El mundo explora a la inyección de dinero como opción de reactivación económica

Con una inflación históricamente baja, la expansión monetaria o inyección de dinero aparece como una opción que los gobiernos exploran para generar dinamismo en el corto plazo. La respuesta a la pandemia nos demostrará si es válida o no.

En momentos en las papas queman, la mayoría de las personas nos hacemos la pregunta: ¿y por qué no se imprime más dinero y ya?

El primer pensamiento es que eso haría todo más fácil: más dinero, más riqueza, menos deuda y la gente es más feliz; incluso hay personas que piensan hasta el día de hoy que eso resolvería el problema de la pobreza, entre otras cosas.

Pero es hora de entender por qué la impresión de dinero no es precisamente la acción que ayuda, menos aun en épocas de crisis económicas como la que estamos viviendo gracias al COVID-19.

En primer lugar, la impresión de dinero realmente no contribuye ni genera mayor producción económica – nada más aumenta la cantidad de “dinero físico” que circula en la economía –. Eso puede sonar bien, pero no siempre lo es.

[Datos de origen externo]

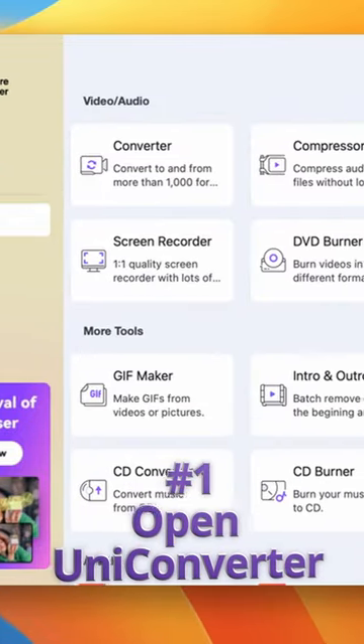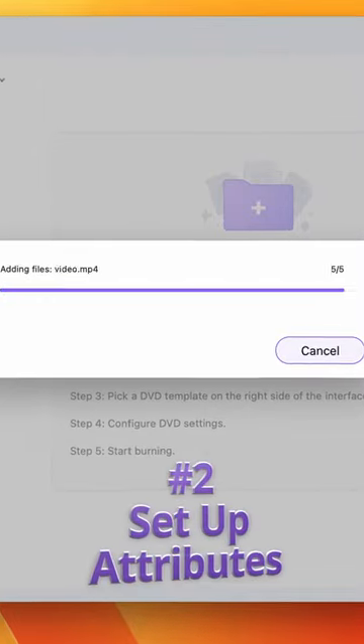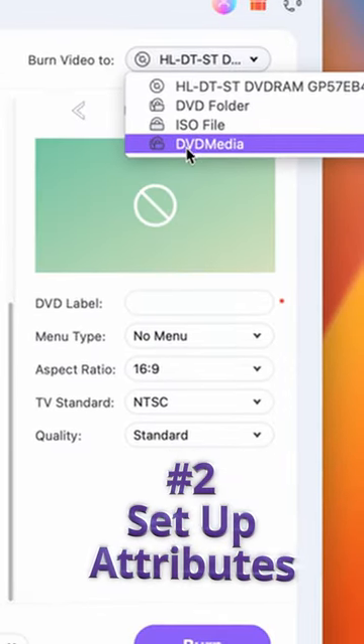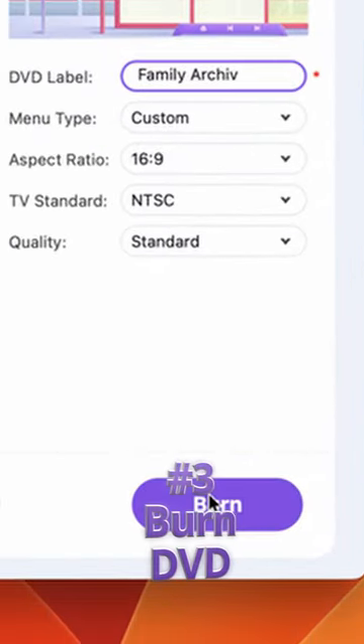Open the Uniconverter and click on the DVD Burner tool. Insert your files. Set up DVD attributes including DVD name, DVD output, DVD menu, and so on. And finally, burn your DVD. It really is this easy even if you've never done it before.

Con más dinero en la economía, las personas tendrían un “mayor” poder adquisitivo y podrían comprar más bienes; pero ahora, ¿qué pasaría si el número de bienes disponibles en la economía no aumentan, sino que se mantienen en la misma cantidad?

La respuesta basada en la regla de oro de la oferta y la demanda es bastante obvia: mayor demanda a la misma cantidad de oferta solamente resulta en la suba de precios, que tiene un nombre bastante popular y es conocida como la inflación. Por ende, se puede concluir que la impresión de dinero conduce a la inflación.

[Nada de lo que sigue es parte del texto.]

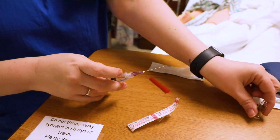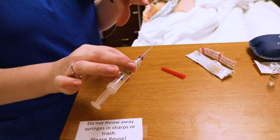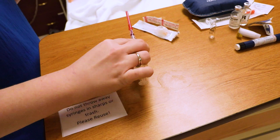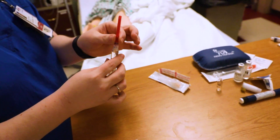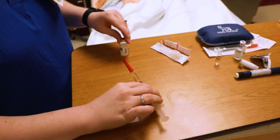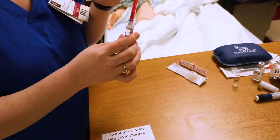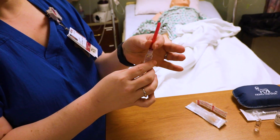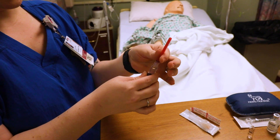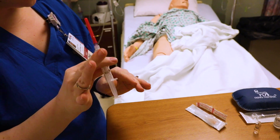Pull the needle straight back out and put it in the sharps. When you go to recap your needle, remember we don't just recap — you always use the scoop method. Put the needle in like this and lift it up. If you have difficulty, put something against it to give you a little leverage. Then to secure the cap, make sure you only grab down here — if you grab up here you risk the needle going out the side.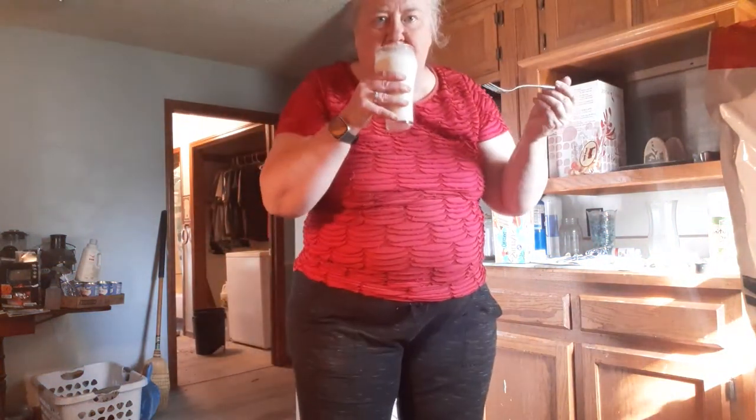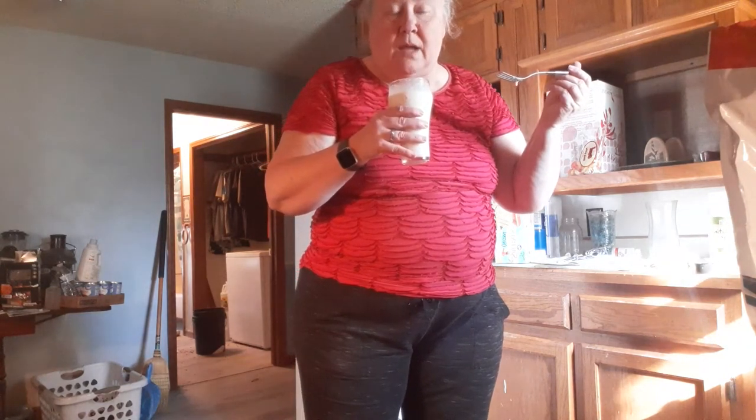Waste not, want not. When you spend money on something, you want to use it all the right way. Well, they're getting smaller. I'm going to taste this right now — let you see me. Back up so you can see me taste this. Tastes pretty good.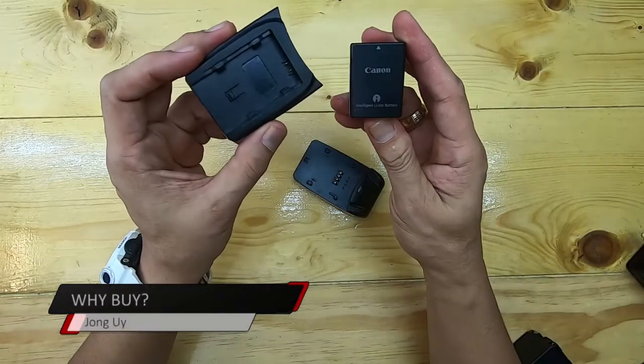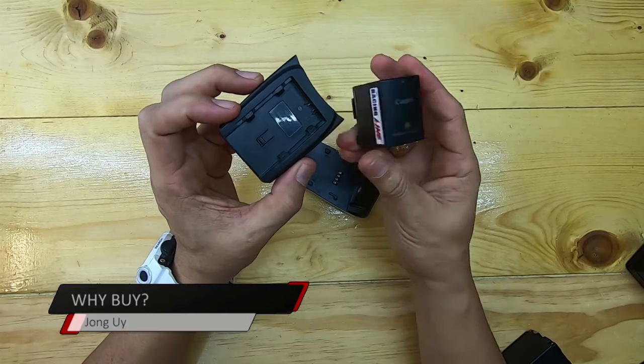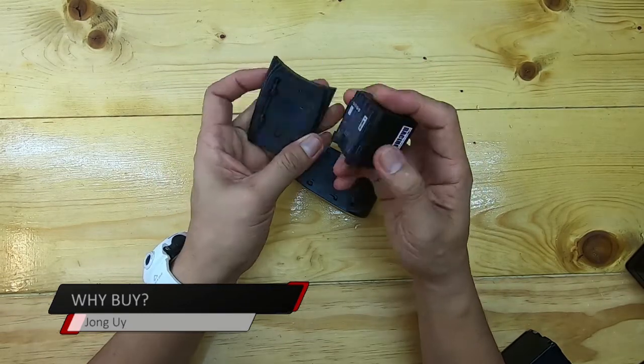Hey everyone, Jolly here, and welcome to Why Buy. Today, why buy third-party batteries and chargers? Aside from being cheaper and affordable, batteries from Watson also have a higher mAh — milliamp hours — which means they have a higher capacity than the original ones.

Para aclarar todo tipo de dudas, imaginemos que en Paraguay el único bien que se produce son las mandarinas. Si existieran un millón de mandarinas y una masa monetaria de G. 500 millones, se podría decir que el precio por cada unidad de fruta sería G. 500.

Ahora, si duplicamos la masa monetaria “imprimiendo” dinero, terminaríamos con una masa monetaria de G. 1.000 millones y la misma cantidad de mandarinas, pero con una demanda más pronunciada ya que se pueden adquirir más de la fruta gracias a la mayor cantidad de dinero, por lo que se duplica el precio a 1.000 guaraníes y se generaría una inflación del 100% en la economía.

Obviamente, en la práctica y la vida real resulta un poco más complejo, pero las bases son las mismas.

Las siguientes preguntas serían, ¿acaso los productores no querrían alcanzar la nueva demanda y contratar más trabajadores que ayuden con la producción y, coincidentemente, ayudando a la economía? En teoría sí, pero la alta demanda también ocasionaría un aumento en el salario esperado y la inflación también aumentaría el deseo de salarios elevados, lo que disminuiría la ganancia y haría que el negocio de las mandarinas ya no sea factible.

En conclusión, podría ser un estimulante efectivo para la economía a corto plazo, pero en definitiva un gobierno no puede sacar adelante a un país de una recesión simplemente al generar dinero.

¿Por qué la inflación puede representar problemas, si no se controla?

El costo de la inflación puede ser bastante alto si esta no se maneja con prudencia de la autoridad monetaria. Se puede generar altos niveles de incertidumbre por la suba en los precios, lo que puede llevar a un des-aceleramiento del crecimiento económico e, incluso, a la fuga de capitales.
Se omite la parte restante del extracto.